## Exercise goal:
Repeat all entries exactly.

## Data to use:
== == ==

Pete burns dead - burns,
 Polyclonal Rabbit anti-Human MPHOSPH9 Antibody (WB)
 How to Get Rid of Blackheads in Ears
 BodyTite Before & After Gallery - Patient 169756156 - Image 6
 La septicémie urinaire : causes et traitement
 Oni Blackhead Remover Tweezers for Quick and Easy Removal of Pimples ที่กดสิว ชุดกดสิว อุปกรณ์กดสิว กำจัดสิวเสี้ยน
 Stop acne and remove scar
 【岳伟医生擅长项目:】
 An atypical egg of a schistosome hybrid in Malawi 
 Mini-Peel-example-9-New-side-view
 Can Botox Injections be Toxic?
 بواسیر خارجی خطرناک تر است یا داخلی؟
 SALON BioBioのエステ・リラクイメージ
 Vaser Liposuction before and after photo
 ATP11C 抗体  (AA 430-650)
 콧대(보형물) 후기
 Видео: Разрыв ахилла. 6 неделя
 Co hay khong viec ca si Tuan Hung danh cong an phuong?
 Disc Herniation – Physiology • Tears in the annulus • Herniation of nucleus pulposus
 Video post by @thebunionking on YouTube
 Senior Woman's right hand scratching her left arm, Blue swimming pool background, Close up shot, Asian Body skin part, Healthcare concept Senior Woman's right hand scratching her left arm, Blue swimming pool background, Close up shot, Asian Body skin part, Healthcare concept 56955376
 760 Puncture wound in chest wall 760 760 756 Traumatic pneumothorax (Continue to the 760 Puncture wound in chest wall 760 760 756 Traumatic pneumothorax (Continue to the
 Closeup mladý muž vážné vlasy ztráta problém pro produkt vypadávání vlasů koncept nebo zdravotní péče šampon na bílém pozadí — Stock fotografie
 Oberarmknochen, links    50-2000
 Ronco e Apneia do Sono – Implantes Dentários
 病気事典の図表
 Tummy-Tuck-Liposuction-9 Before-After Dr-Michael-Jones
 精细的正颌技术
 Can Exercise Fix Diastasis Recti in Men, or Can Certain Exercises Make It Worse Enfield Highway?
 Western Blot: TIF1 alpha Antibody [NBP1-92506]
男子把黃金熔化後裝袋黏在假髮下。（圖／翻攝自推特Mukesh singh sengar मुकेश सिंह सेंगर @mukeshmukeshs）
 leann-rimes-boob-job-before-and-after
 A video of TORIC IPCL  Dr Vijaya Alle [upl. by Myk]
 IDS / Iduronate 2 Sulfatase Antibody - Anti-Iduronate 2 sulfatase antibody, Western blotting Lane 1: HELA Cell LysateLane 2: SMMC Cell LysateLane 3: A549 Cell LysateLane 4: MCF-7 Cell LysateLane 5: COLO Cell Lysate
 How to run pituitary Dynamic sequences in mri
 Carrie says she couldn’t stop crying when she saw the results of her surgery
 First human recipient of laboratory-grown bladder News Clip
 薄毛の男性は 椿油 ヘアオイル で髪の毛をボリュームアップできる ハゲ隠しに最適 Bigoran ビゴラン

== == ==

## Output for this exercise:
Pete burns dead - burns,
 Polyclonal Rabbit anti-Human MPHOSPH9 Antibody (WB)
 How to Get Rid of Blackheads in Ears
 BodyTite Before & After Gallery - Patient 169756156 - Image 6
 La septicémie urinaire : causes et traitement
 Oni Blackhead Remover Tweezers for Quick and Easy Removal of Pimples ที่กดสิว ชุดกดสิว อุปกรณ์กดสิว กำจัดสิวเสี้ยน
 Stop acne and remove scar
 【岳伟医生擅长项目:】
 An atypical egg of a schistosome hybrid in Malawi 
 Mini-Peel-example-9-New-side-view
 Can Botox Injections be Toxic?
 بواسیر خارجی خطرناک تر است یا داخلی؟
 SALON BioBioのエステ・リラクイメージ
 Vaser Liposuction before and after photo
 ATP11C 抗体  (AA 430-650)
 콧대(보형물) 후기
 Видео: Разрыв ахилла. 6 неделя
 Co hay khong viec ca si Tuan Hung danh cong an phuong?
 Disc Herniation – Physiology • Tears in the annulus • Herniation of nucleus pulposus
 Video post by @thebunionking on YouTube
 Senior Woman's right hand scratching her left arm, Blue swimming pool background, Close up shot, Asian Body skin part, Healthcare concept Senior Woman's right hand scratching her left arm, Blue swimming pool background, Close up shot, Asian Body skin part, Healthcare concept 56955376
 760 Puncture wound in chest wall 760 760 756 Traumatic pneumothorax (Continue to the 760 Puncture wound in chest wall 760 760 756 Traumatic pneumothorax (Continue to the
 Closeup mladý muž vážné vlasy ztráta problém pro produkt vypadávání vlasů koncept nebo zdravotní péče šampon na bílém pozadí — Stock fotografie
 Oberarmknochen, links    50-2000
 Ronco e Apneia do Sono – Implantes Dentários
 病気事典の図表
 Tummy-Tuck-Liposuction-9 Before-After Dr-Michael-Jones
 精细的正颌技术
 Can Exercise Fix Diastasis Recti in Men, or Can Certain Exercises Make It Worse Enfield Highway?
 Western Blot: TIF1 alpha Antibody [NBP1-92506]
男子把黃金熔化後裝袋黏在假髮下。（圖／翻攝自推特Mukesh singh sengar मुकेश सिंह सेंगर @mukeshmukeshs）
 leann-rimes-boob-job-before-and-after
 A video of TORIC IPCL  Dr Vijaya Alle [upl. by Myk]
 IDS / Iduronate 2 Sulfatase Antibody - Anti-Iduronate 2 sulfatase antibody, Western blotting Lane 1: HELA Cell LysateLane 2: SMMC Cell LysateLane 3: A549 Cell LysateLane 4: MCF-7 Cell LysateLane 5: COLO Cell Lysate
 How to run pituitary Dynamic sequences in mri
 Carrie says she couldn’t stop crying when she saw the results of her surgery
 First human recipient of laboratory-grown bladder News Clip
 薄毛の男性は 椿油 ヘアオイル で髪の毛をボリュームアップできる ハゲ隠しに最適 Bigoran ビゴラン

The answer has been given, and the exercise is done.